最終的には生徒がパワーポイントで自らのテーマでプレゼンをするのですが、この日はiPadのキーノートを使って、テーマのみ大型TVに提示し、あとは自らの言葉と身体でプレゼンしている様子です。自分で選んだテーマですからiPad1台でテーマを提示するだけでも、生徒はかなりしゃべることができます。これもiPadの使い方の一例でしょう。

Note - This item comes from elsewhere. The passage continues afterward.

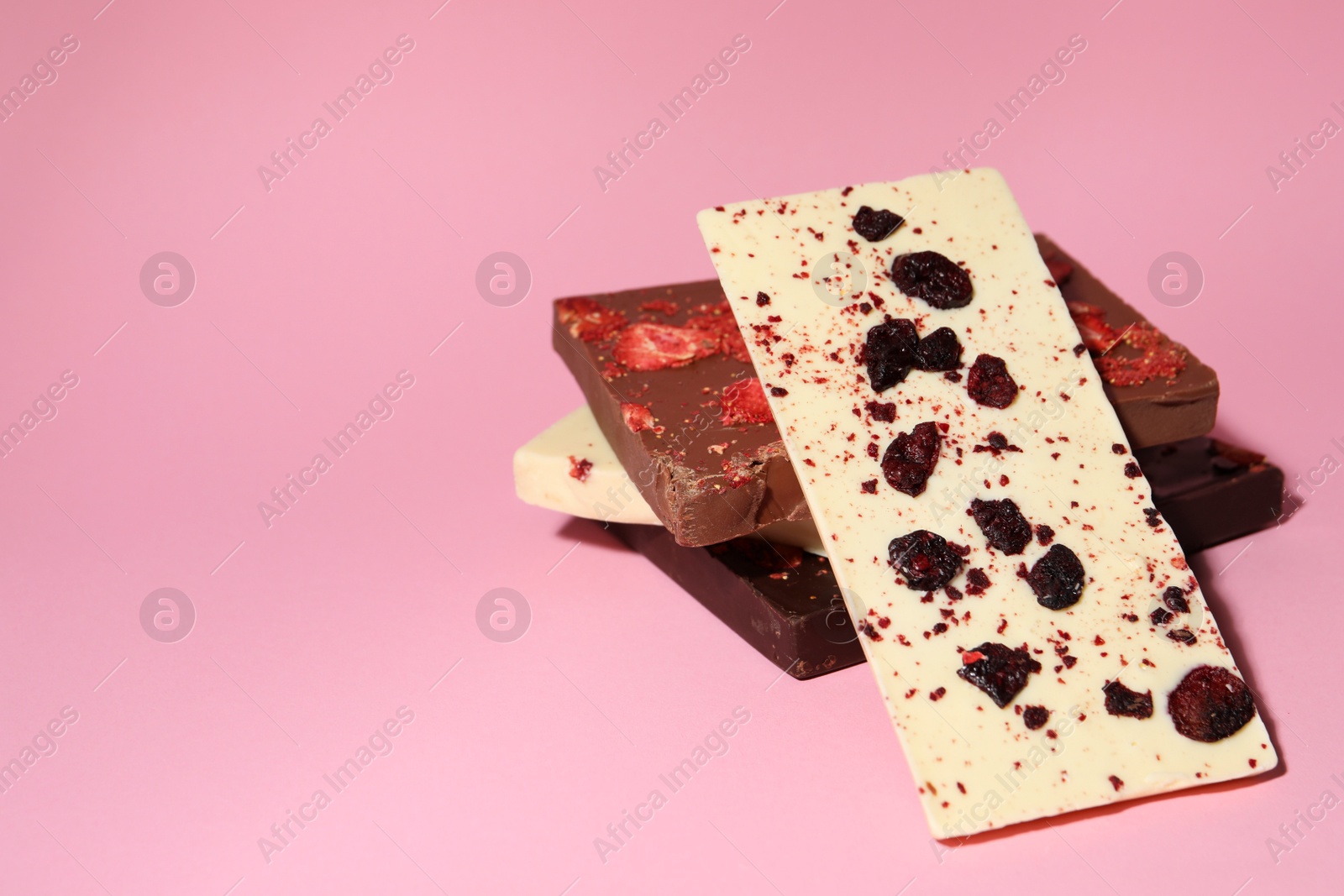 Photo of Different chocolate bars with freeze dried fruits on pink background, space for text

 要は、活用しようとする我々教師が、ステレオタイプの使い方にこだわらない柔軟な発想を持つことでしょう。「でじたま」第14、15回コミュニティでは、その辺をワークショップで探っていきたいと考えています。

10月のコミュニティのお知らせ

10月はコミュニティを2回開催いたします。奮ってご参加ください。8月に講評でだったiPad体験とその活用を考えるワークショップを行います。8月に参加できなかった方や再度体験という方のために
2回チャンスを作りました。2回とも同じ内容ではありませんので、
続けて参加いただいてもOKです。

【第14回コミュニティ】 
日時:平成22年10月2日(土)午後1時30分〜4時
場所:文教大学北越谷校舎 11号館生涯学習センター2階
   (正門入り、正面の2階建ての建物です。裏門から入られた方は、
    正門まで回ってください。警備担当に行事等を尋ねられても返答
    できないのが通常ですので、上記会場をお忘れなく)
内容:iPad再び①「実体験&その活用を探る」ワークショップ等
    大袋中の実践(理科・家庭科・英語)映像紹介
    One more thing(新ガジェット紹介等)
持ち物:各自の判断にお任せします。

【第15回コミュニティ】
日時:平成22年10月23日(土)午後1時30分〜4時
場所:文教大学北越谷校舎 11号館生涯学習センター2階
   (正門入り、正面の2階建ての建物です。裏門から入られた方は、
    正門まで回ってください。警備担当に行事等を尋ねられても返答
    できないのが通常ですので、上記会場をお忘れなく)
内容:iPad再び②「実体験&その活用を探る」ワークショップ等
    iPadの授業活用、教材を考える
    One more thing
持ち物:各自の判断にお任せします。

参加希望は、メールにて onishi-h@silver.plala.or.jp
     (主宰:大西まで)
第14回は 9月26日(日)頃までに
第15回は10月17日(日)頃までに

でじたま事務局ができます

 平成22年8月25日に「でじたま」賛同者が100名に達しました。ひとつの区切りの数字ですね。多くのメンバー登録ありがとうございます。そう言っているうちに翌26日には、101名となりました。100も単なる通過点です。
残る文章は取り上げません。